The same themes were criticised by Waugh's contemporaries. Henry Yorke, a fellow novelist, wrote to Waugh, "The end was not for me. As you can imagine my heart was in my mouth all through the deathbed scene, hoping against hope that the old man would not give way, that is, take the course he eventually did." And Edmund Wilson, who had praised Waugh as the hope of the English novel, wrote "The last scenes are extravagantly absurd, with an absurdity that would be worthy of Waugh at his best if it were not — painful to say — meant quite seriously."
[edit] Nostalgia for the Age of English nobility
The Marchmain Family, to some, is a symbol of a dying breed — the English nobility. One reads in the book that Brideshead has "the atmosphere of a better age," and, referring to the deaths of Lady Marchmain's brothers in the Great War, "these men must die to make a world for Hooper ... so that things might be safe for the travelling salesman, with his polygonal pince-nez, his fat, wet handshake, his grinning dentures." This is viewed by some as elitism. According to Martin Amis, the book "squarely identifies egalitarianism as its foe and proceeds to rubbish it accordingly."[2]
[edit] Charles and Sebastian's relationship
The precise nature of Charles and Sebastian's relationship remains a topic of considerable debate; are they simply close friends, or does Waugh mean to imply a physical relationship between the characters? Given that much of the first half of the novel circles around the initial encounter, friendship, and falling-away of these central characters, this issue continues to pique the curiosity of readers.
A frequent interpretation is that Charles and Sebastian had a passionate yet platonic relationship, an immature albeit strongly felt attachment that prefigures future heterosexual relationships.
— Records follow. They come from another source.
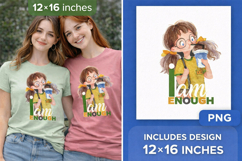 I am Enough - PNG Sublimation Product Image 1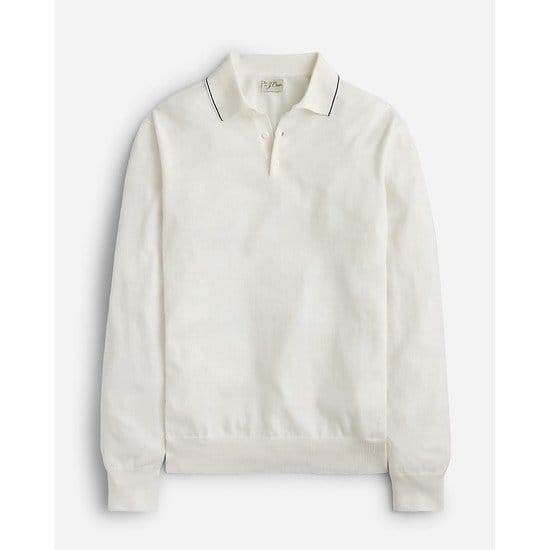 Heritage cotton tipped sweater-polo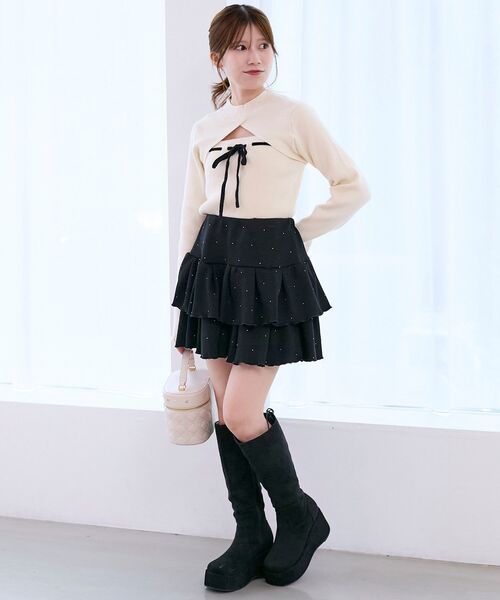 MAJESTIC LEGON（マジェスティックレゴン） ニット セーター デコルテ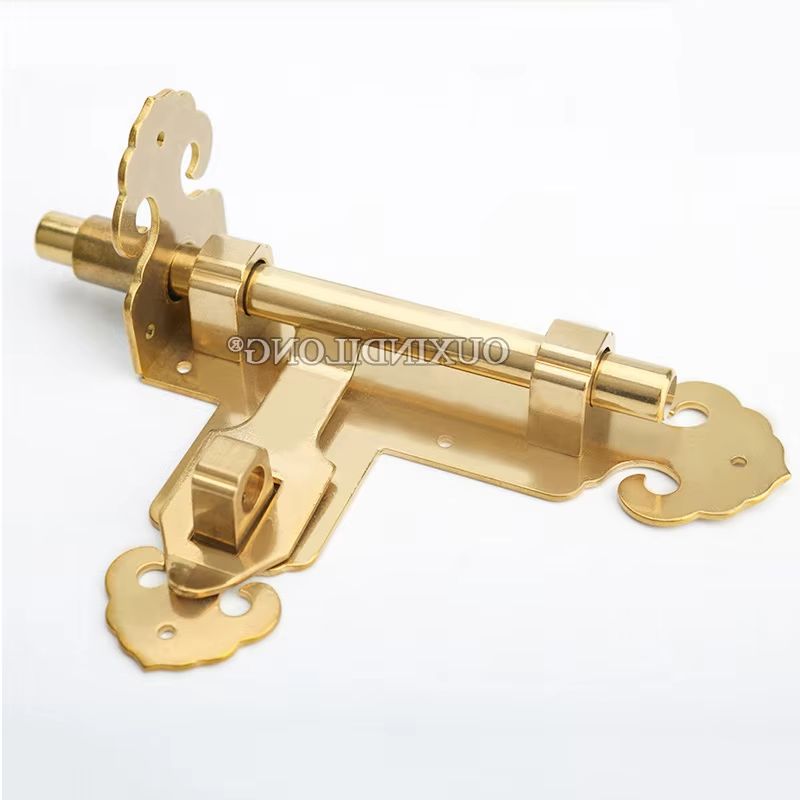 Barrel Bolt Slide - Kunci Pintu Antik Klasik Retro 1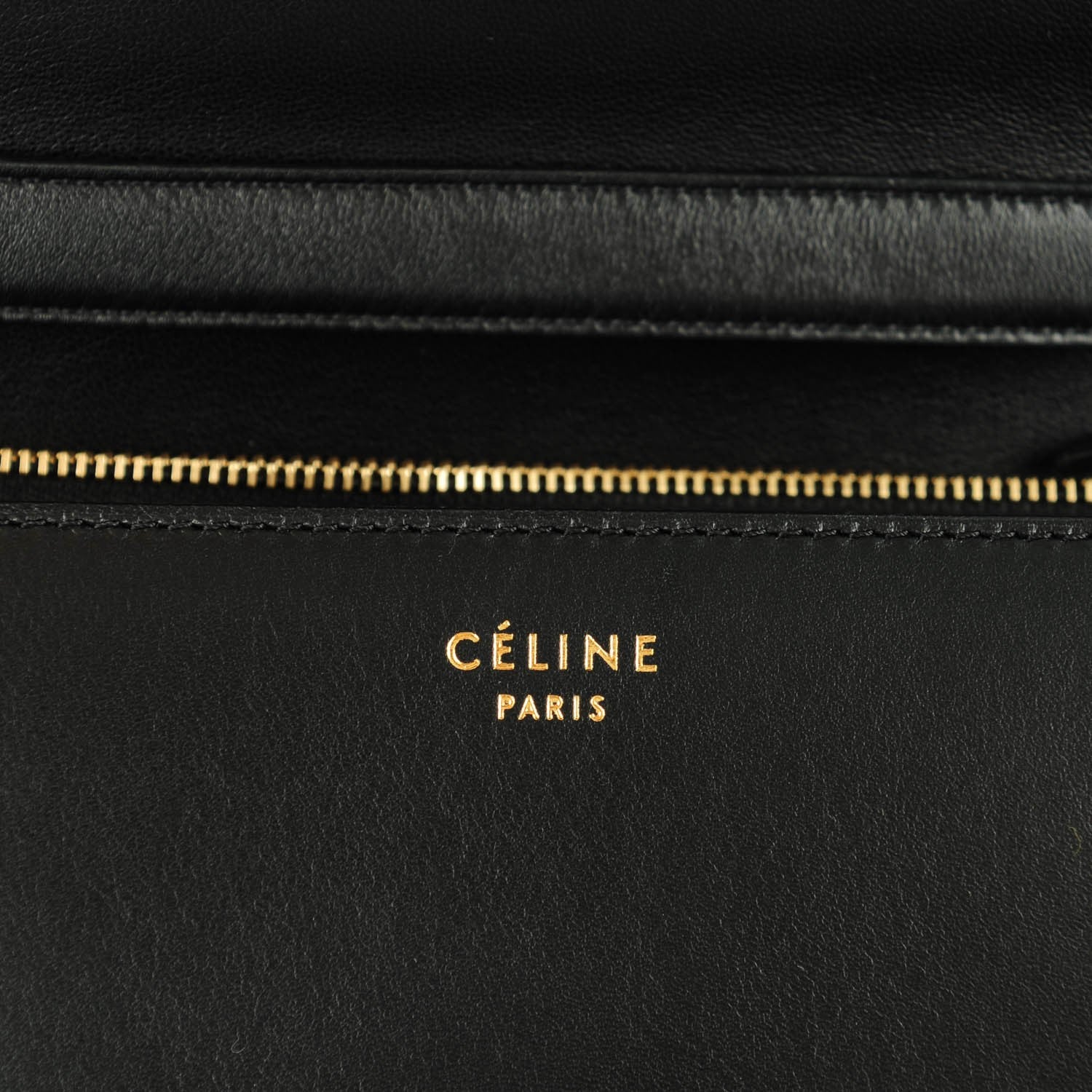 Celine Box Calfskin Medium Classic Box Flap Bag Black 7 of 7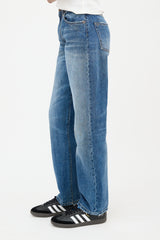 R13 Medium Wash Alice Straight Leg Jeans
Indeed Cara, Lord Marchmain's mistress, says as much to Charles in the context of the novel itself—that his relationship with Sebastian forms part in a process of emotional development "typical to the English and the Germans". Waugh himself said that "Charles's romantic affection for Sebastian is part due to the glitter of the new world Sebastian represents, part to the protective feeling of a strong towards a weak character, and part a foreshadowing of the love for Julia which is to be the consuming passion of his mature years."
Others draw an alternative conclusion from the line "naughtiness high on the catalogue of grave sins", although the "naughtiness" in question could refer to the boys' gluttony, not to mention the sloth and greed that characterize their carefree days, rather than homosexual acts per se. Similarly, visits to female prostitutes could just as easily have been meant, especially since prostitutes are mentioned in regard to Mulcaster. The latter interpretation is supported by the fact that a minor character, Anthony Blanche, is portrayed as unambiguously homosexual in the book. Reference is made at one point to Charles' impatiently anticipating Sebastian's letters in the manner of one who is love-smitten, but this could just as reasonably be interpreted as a reflection on the dreariness of Charles' own circumstances at that point.
[edit] Related works
A fragment about the young Charles Ryder entitled Charles Ryder's Schooldays was found after Waugh's death, and is available in collections of Waugh's short works.
Brideshead Regained, Continuing the Memoirs of Charles Ryder by Michael Johnston was published in 2003 by akanos. The book deals with Ryder's career as a war artist and his subsequent reunion with the major characters from Brideshead Revisited. Currently the book's legal status is in dispute and the sequel is unauthorised by the estate of Evelyn Waugh with sales limited to certain Internet sites.
[edit] Film adaptations
- Further information: Brideshead Revisited (TV serial) and Brideshead Revisited (film)
[edit] References in other media
Brideshead Revisited has been referenced on television a few times, such as on Frasier. In the Family Guy episode "The Story on Page One," Stewie compares Brown University to Brideshead Revisited." In the film Dear Wendy, the Dandies congratulate one another with what they refer to as a "Brideshead stutter."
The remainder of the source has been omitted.